Is a product nowhere dense? I'm reading Haworth1977, Baire spaces.
On page 7 the authors say 

...the finite product of subsets is nowhere dense iff at least one of the subsets is itself nowhere dense. However, this is not necessarily true for infinite product

and they give an example of countable product that is nowhere dense but every component is somewhere dense. Later they state the following proposition

For each $\alpha \in A$ let $N_\alpha$ be a subset of the space $X_\alpha$. Then, $\prod_{\alpha\in A}N_\alpha$ is nowhere dense in $\prod_{\alpha\in A}X_\alpha$  iff for some $\beta\in A$, $N_\beta$ is nowhere dense in $X_\beta$ or $\text{cl}N_\alpha\ne X_\alpha$ for infinitely many $\alpha\in A$.

I must miss something because to me the proposition says exactly the contrary of the previous comment.
If someone has the book Kuratowski Topologie I (1958, 4th ed., I assume written in French) the proposition above corresponds to some proposition on page 154 of the given edition of Kuratowski, and it would be interesting to have the proposition of that book, French is also fine. (Haworth1977 refers to Kuratowski)
 A: Let $A$ be a set.

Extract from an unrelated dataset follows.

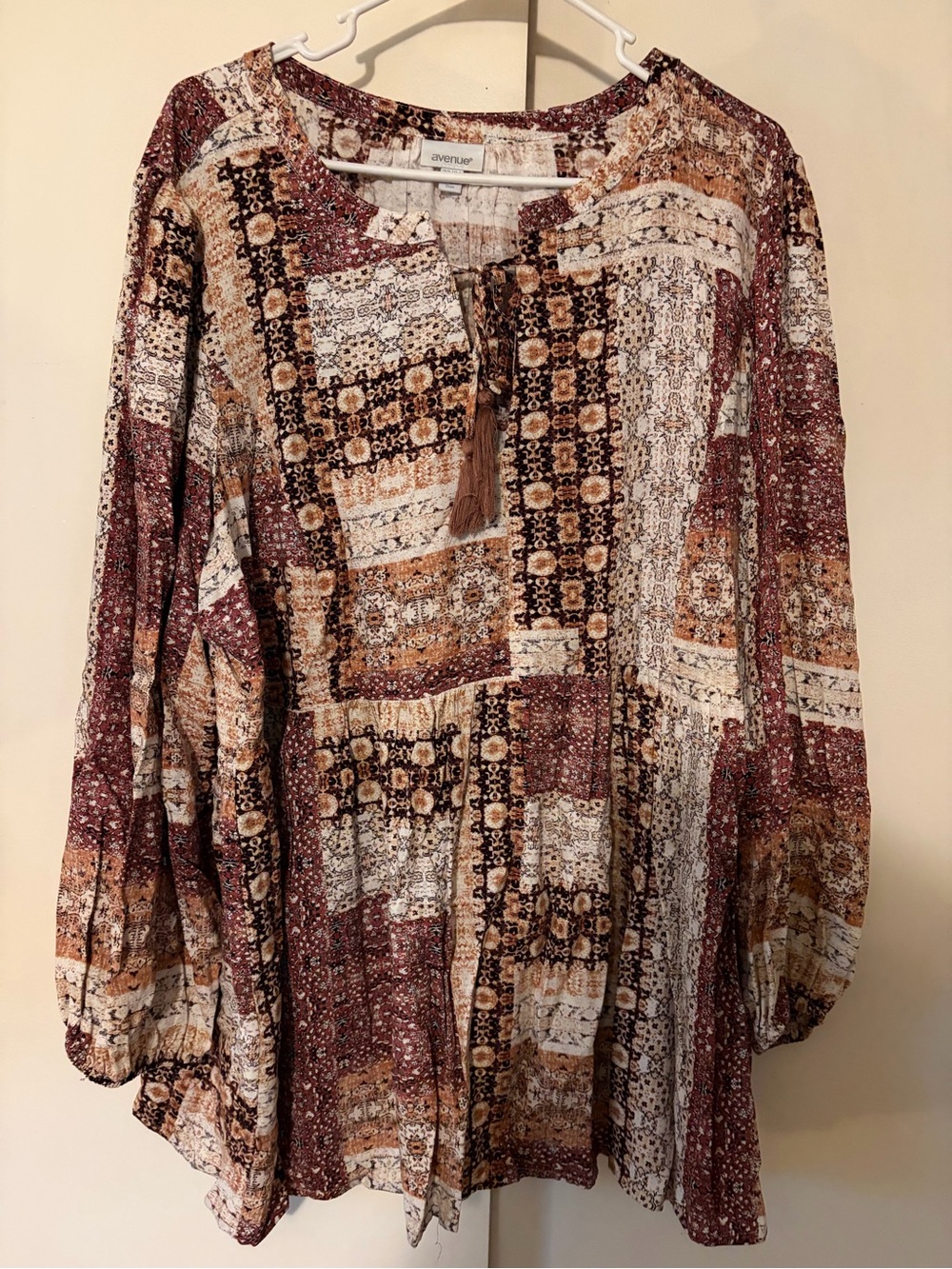 Avenue Brown Tan and Cream Patchwork Peasant Tunic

For all $\alpha\in A$ let $X_\alpha$ be a topological space and let $N_\alpha$ be a subset of $X_\alpha$.
If $A$ is finite then

$\prod_{\alpha\in A} N_\alpha$ is nowhere dense in $\prod_{\alpha\in A} X_\alpha$ if and only if there exists $\beta\in A$ such that $N_\beta$ is nowhere dense in $X_\beta$.

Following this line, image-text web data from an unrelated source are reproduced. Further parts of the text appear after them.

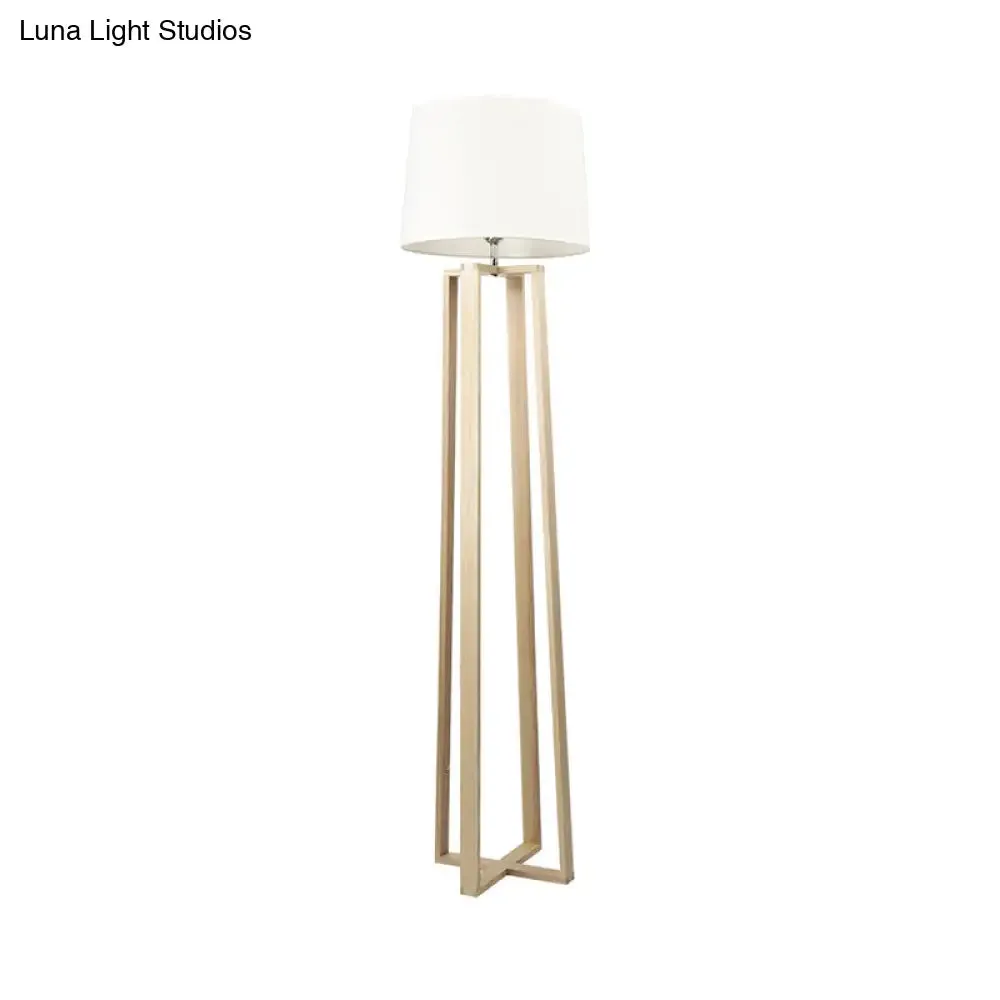 Contemporary Wood Trapezoid Floor Lamp with White Barrel Fabric Shade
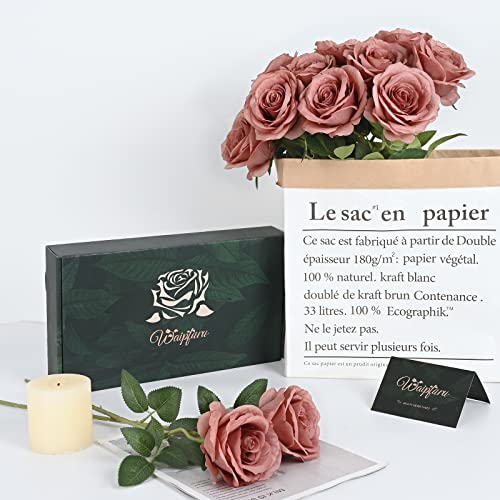 Waipfaru 16 Pcs Artificial Flowers Fake Silk Dusty Roses, Faux Real Touch Roses Bouquet with Long Stem for Wedding Party Home Decor (Dusty Rose) - color: B-dusty Rose, size: 16 Pcs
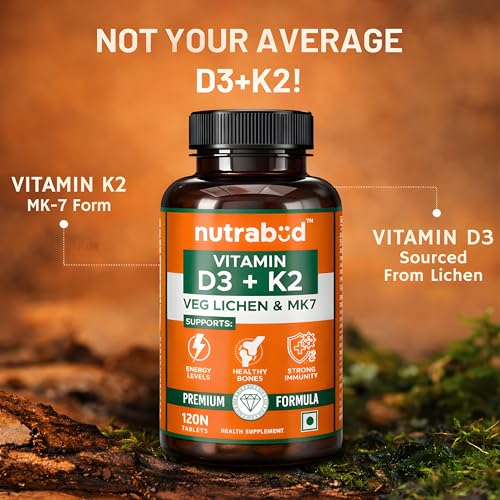 Image of Nutrabud Vitamin D3 K2 MK7-120 Veg Tablets - 600 IU - 100% RDA Plant-Based Vitamin D3 Supplement from Lichen Source with Vitamin K2 as MK7 Menaquinone (Pack of 1)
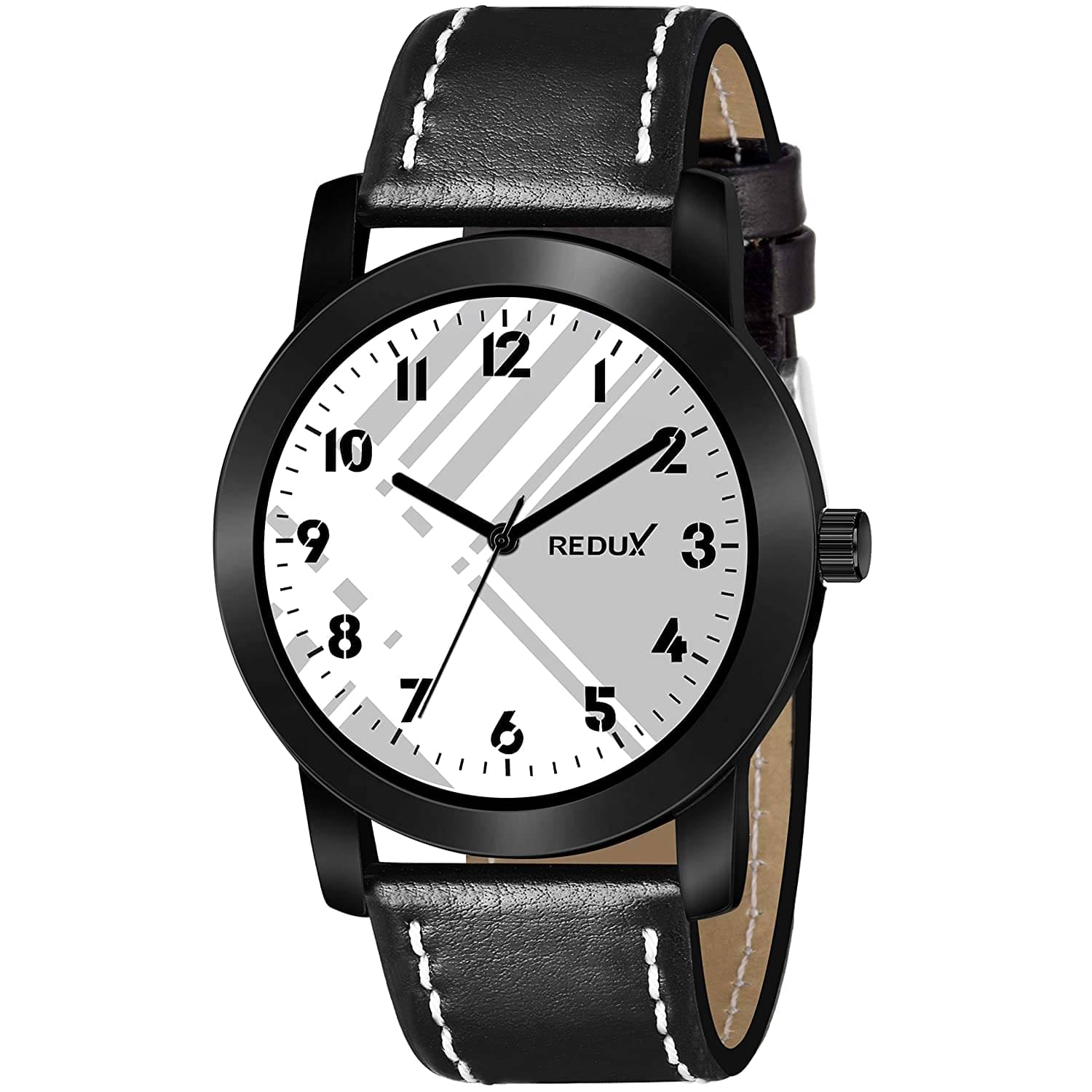     			Redux - Black Leather Analog Men's Watch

If $A$ is infinite (countable or larger) then

$\prod_{\alpha\in A} N_\alpha$ is nowhere dense in $\prod_{\alpha\in A} X_\alpha$ if and only if there exists $\beta\in A$ such that $N_\beta$ is nowhere dense in $X_\beta$ OR there exists infinitely many $\beta\in A$ such that the closure of $N_\beta$ is not $X_\beta$ (i.e. $N_\beta$ is not dense in $X_\beta$).

Note that if $A$ is finite then the condition "there exists infinitely many $\beta\in A$ such that..." can't be satisfied, so the second statement and the first statement are equivalent for finite $A$.
The main idea in this condition is that the product topology on a product space contains a "co-finite" cylinder set (it contains a product of all but finitely many of the $X_\alpha$) and so if the closure of $N_\beta$ is not $X_\beta$ for infinitely many $\beta$ then the closure of $\prod_{\alpha\in A} N_\alpha$ can't contain an open set.